(Data)

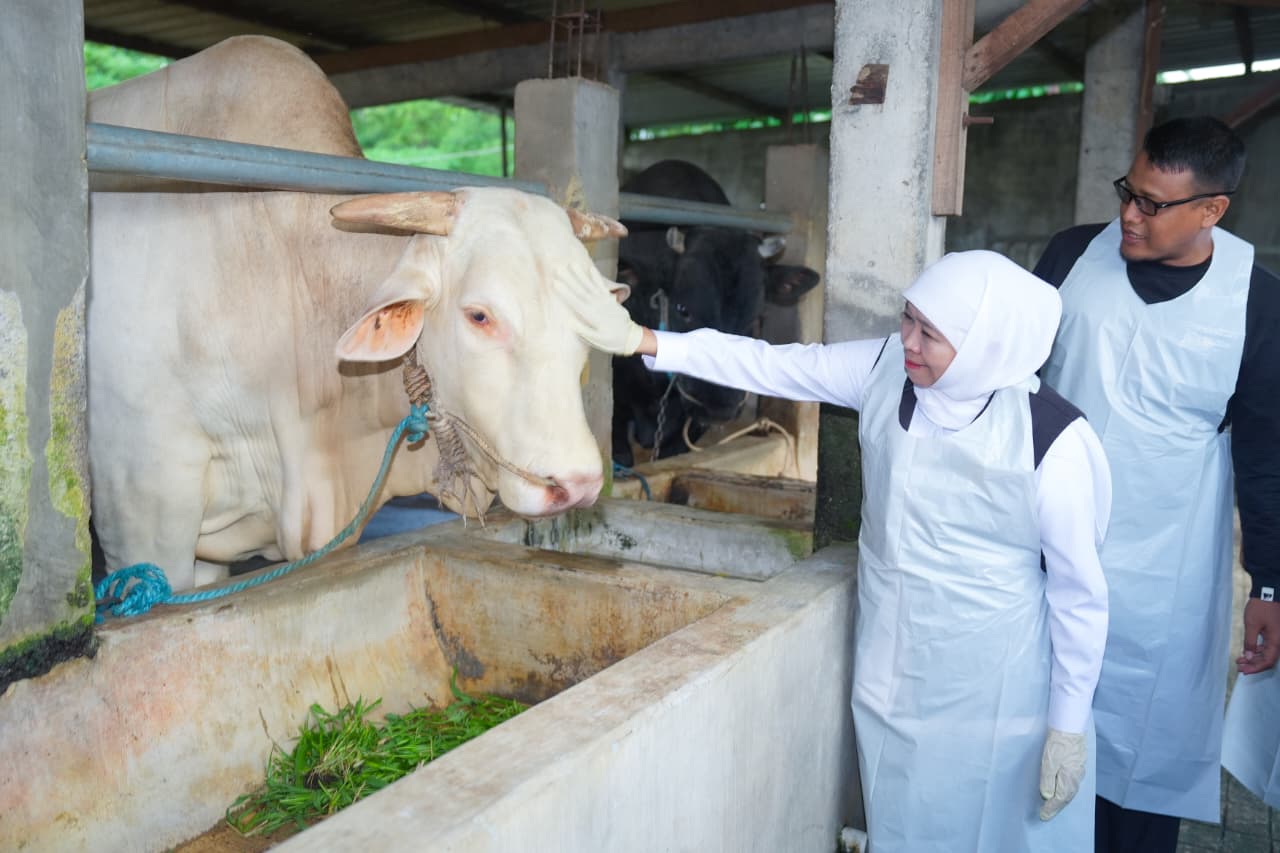 Gubernur Khofifah Tinjau Peternakan Berkah Wafa Farm Mojokerto, Pilih Sapi Belgian Blue Bobot Hampir 1 Ton untuk Kurban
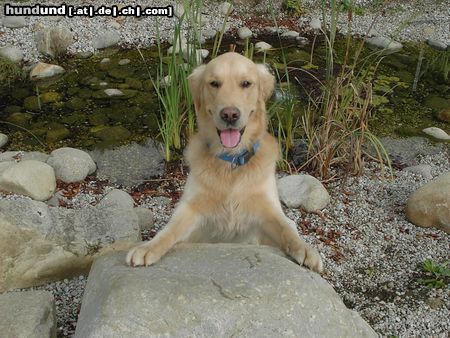 Golden Retriever Hunde Foto 5724 Golden Retriever diego aus der stmk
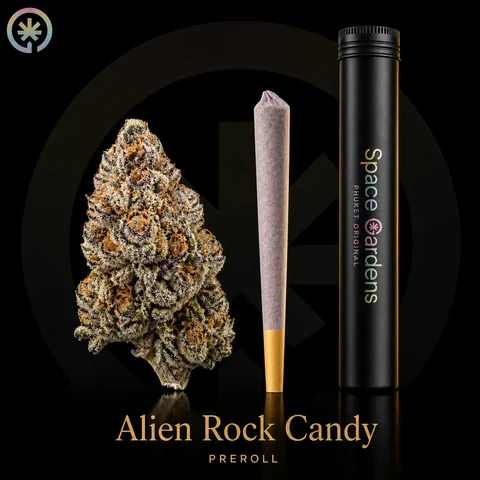 Alien Rock Candy Cannabis Pre-Roll cannabis product in the Space Gardens Phuket catalogue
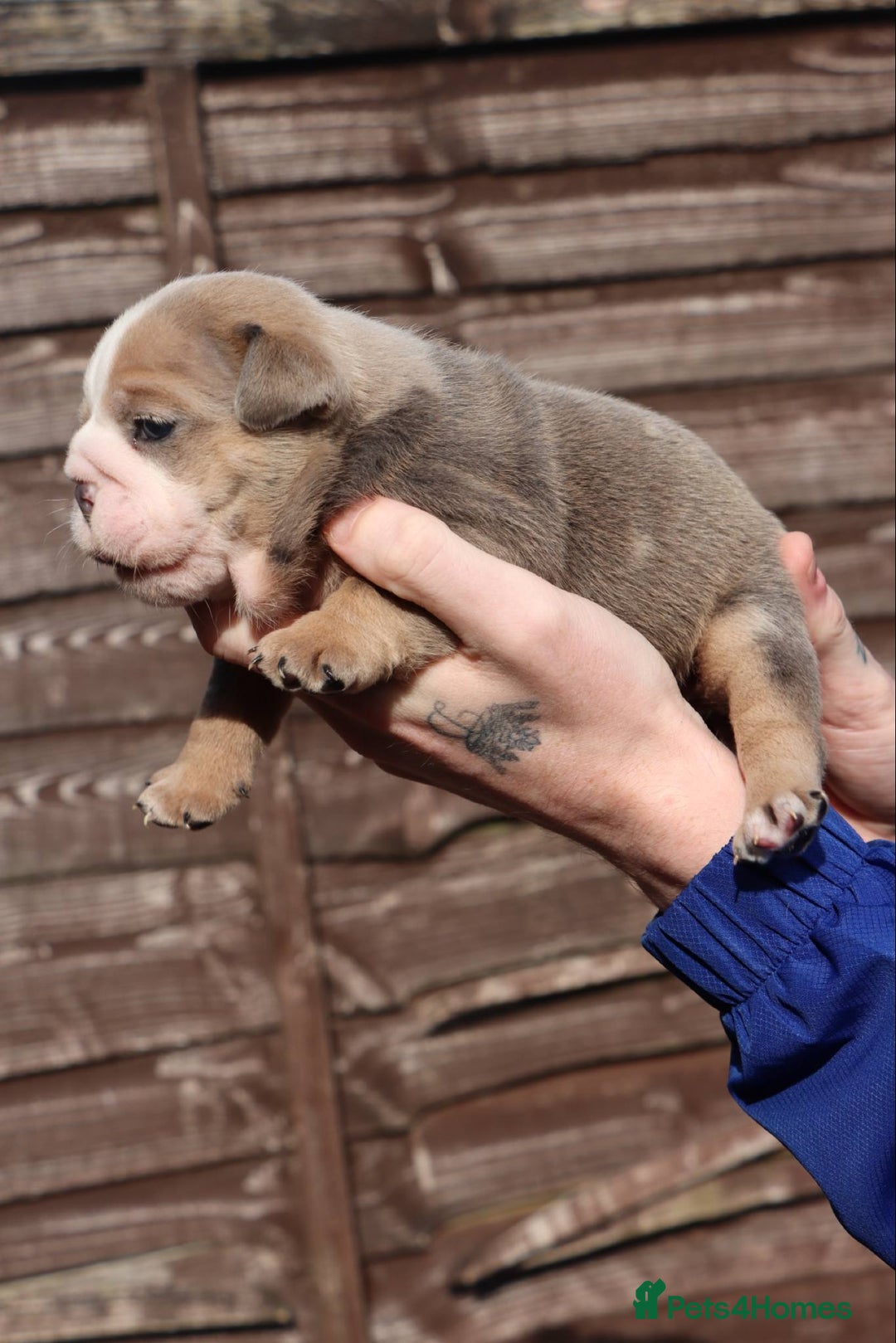 English Bulldog dogs for sale: English bulldogs - Image 9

(End Data)

**Description of the task**
Line by line, write out the data above exactly, without the pictures.

**Task output**
 Gubernur Khofifah Tinjau Peternakan Berkah Wafa Farm Mojokerto, Pilih Sapi Belgian Blue Bobot Hampir 1 Ton untuk Kurban
 Golden Retriever Hunde Foto 5724 Golden Retriever diego aus der stmk
 Alien Rock Candy Cannabis Pre-Roll cannabis product in the Space Gardens Phuket catalogue
 English Bulldog dogs for sale: English bulldogs - Image 9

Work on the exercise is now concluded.